12. A method for detecting enzymatic activity in ostomy dejecta to predict, mitigate or prevent peristomal skin complications (PSC)comprising: obtaining dejecta from a stoma; detecting, using an enzymatic activity detection device, at least one target proteolytic enzyme based on the dejecta and an assay solution; and outputting detection information based on the detected at least one target proteolytic enzyme, wherein the enzymatic activity detection device comprises an assay unit, the assay unit comprising at least one assay chamber having the assay solution, and an inlet valve, wherein the inlet valve is a one-way valve that transmits the dejecta from a collecting unit to the enzymatic activity detection device.

13. The method of claim 12, wherein the assay solution comprises a solution optimized for a fluorescence output based on a presence of the at least one target proteolytic enzyme.

14. The method of claim 13, wherein the assay solution comprises a red fluorescence ENZCHEK Protease assay.

15. The method of claim 13, wherein the assay solution comprises fluorophore and quencher-conjugated target proteins with specific cleavage motifs for detecting the at least one target proteolytic enzyme.

16. The method of claim 13, wherein detecting, using the enzymatic activity detection device, the at least one target proteolytic enzyme based on the dejecta and the assay solution comprises: measuring a fluorescent signal based on the dejecta and the assay solution; and detecting the at least one target proteolytic enzyme based on the fluorescent signal.

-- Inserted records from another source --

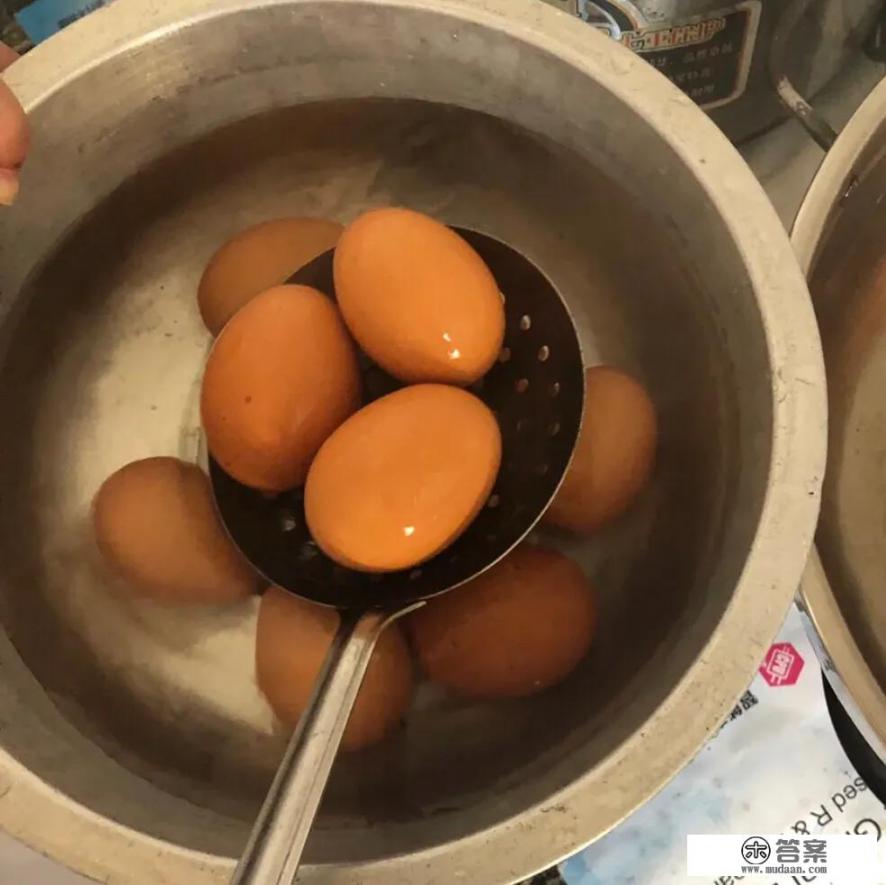 酱油泡蛋和卤蛋的区别？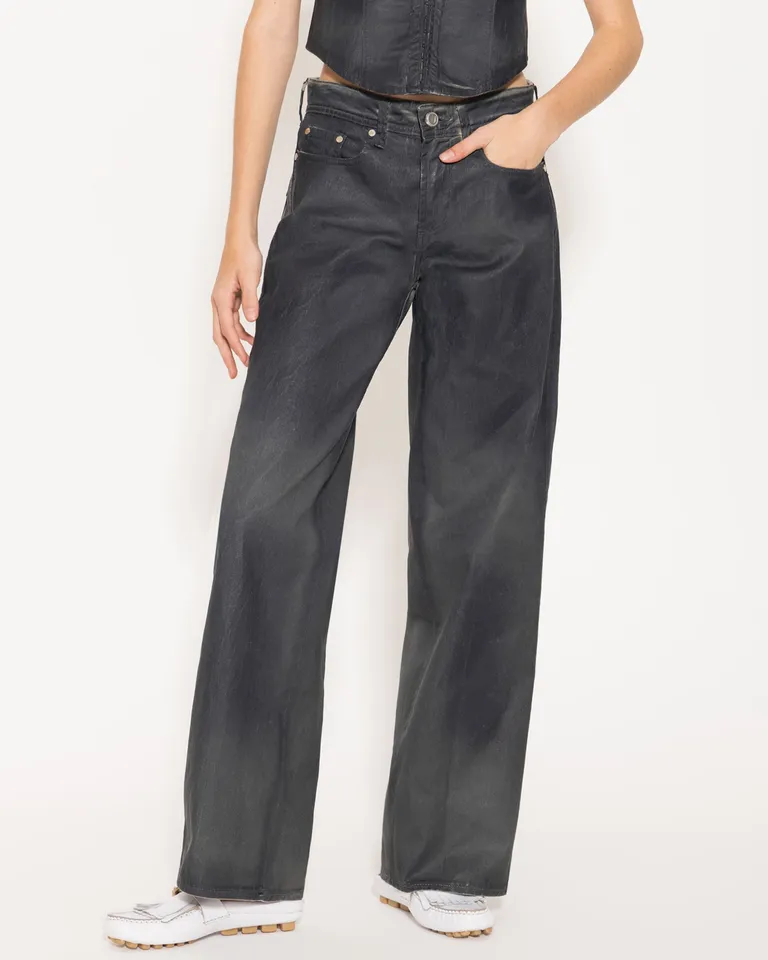 Pantalones de tiro medio-bajo con efecto de coating simil cuero en denim azulado de Jazmin Chebar en Pantalones para argentina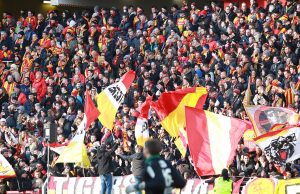 Lens – Paris FC (2-1) : Thauvin buteur et passeur, Lens renverse le match et colle au peloton de tête Les tribunes du stade Bollaert-Delelis, à Lens (photo d’archives)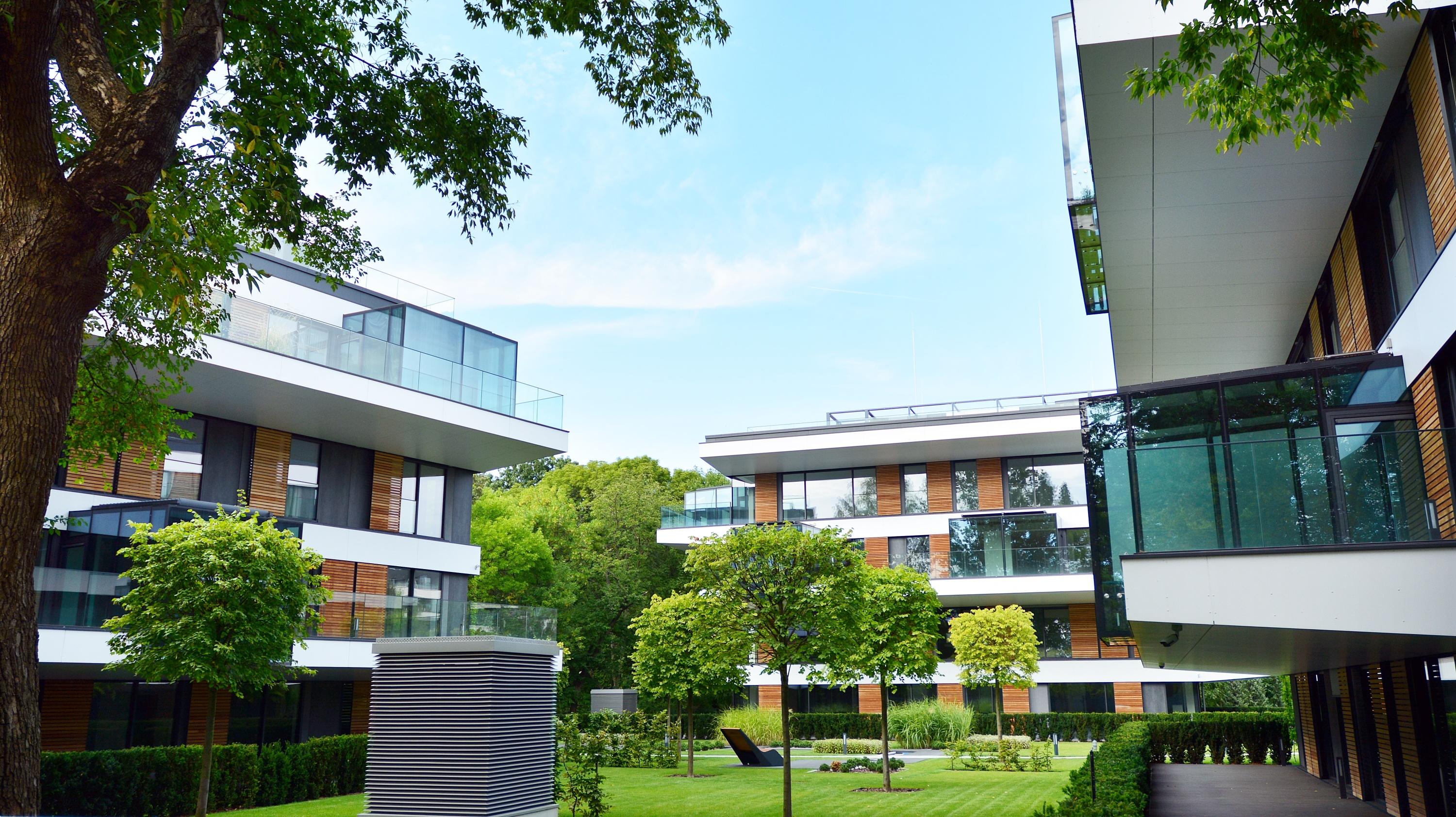 Les espaces verts, qui permettent de rafraîchir l’immeuble, ne sont pas négligeables sur le niveau des charges dans le neuf.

17. The method of claim 13, wherein detecting, using the enzymatic activity detection device, the at least one target proteolytic enzyme based on the dejecta and the assay solution comprises: detecting a first target proteolytic enzyme based on the dejecta and a first assay solution; and detecting a second target proteolytic enzyme based on the dejecta and a second assay solution, wherein the first and second target proteolytic enzymes are different.

18. The method of claim 13, further comprising: disposing of the dejecta in a waste unit.

19. The method of claim 13, wherein outputting detection information comprises: displaying the detection information, wherein the detection information comprises a potential PSC detection alert.